A blog post by the CHICC Manchester provided details of its digitisation and a few great photos of the process and the manuscript (as well as a second Armenian manuscript digitised at the same time):
Often items from The John Rylands Library are loaned to other institutions for exhibition purposes. In these instances, before the items are delivered to the borrowing institution, we digitise them in their entirety. This can be anything from a single image of say a painting or photograph, or a complete item.
From there, to the digitised Manchester Arm. MS 3 in full, which is extensively and beautifully illustrated throughout, and does indeed appear to contain kafas: red-inked, with a familiar rhyme visible even without being able to translate the poem on sight. Here, Alexander meets headless men (blemmyes in the Western European tradition, though I haven’t – yet – encountered the term in Armenian) and night-foxes near the edges of the world.

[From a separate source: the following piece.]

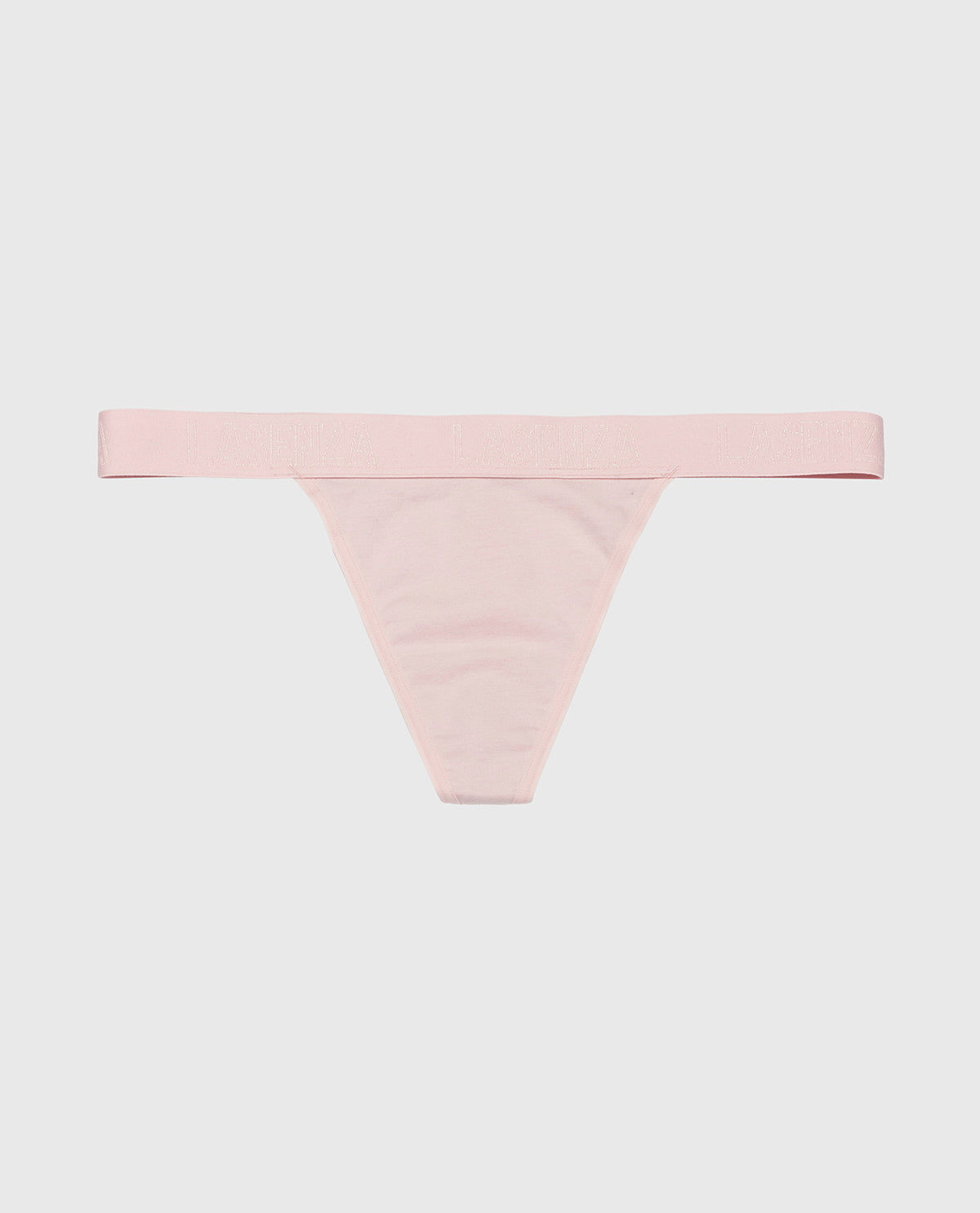 La Senza Minislip avec bande à logo lilas discret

It’s fascinating to note where the composition of scenes in the illustrations match exactly those in the Venice mss. 424 of the Alexander Romance, a 14th Century manuscript: a later artist drawing on the Venice mss (or another mss that had drawn on it, etc).
According to the blog post linked above (which is wrong about the red text being a colophon – it’s most likely a kafa – but right that the actual colophon, which is at the end of the manuscript and which I have so far translated only the first half-dozen lines of, gives the scribe’s name as Zakaria, an episkopos/bishop) the manuscript was created at the monastery of Saint George of Samatya in Constantinople. The monastery no longer stands, but wikipedia provides an image of the current church in Istanbul, which apparently remains in Armenian hands.
In this place, nearly 500 years ago, Zakaria worked on this manuscript – while I, at my desk in the UK, have spent the afternoon looking at these images. It is rare that I go from looking at a manuscript to looking at the place (more or less) of its composition. It makes it feel more rooted, as it should be: no longer a manuscript adrift in centuries of words.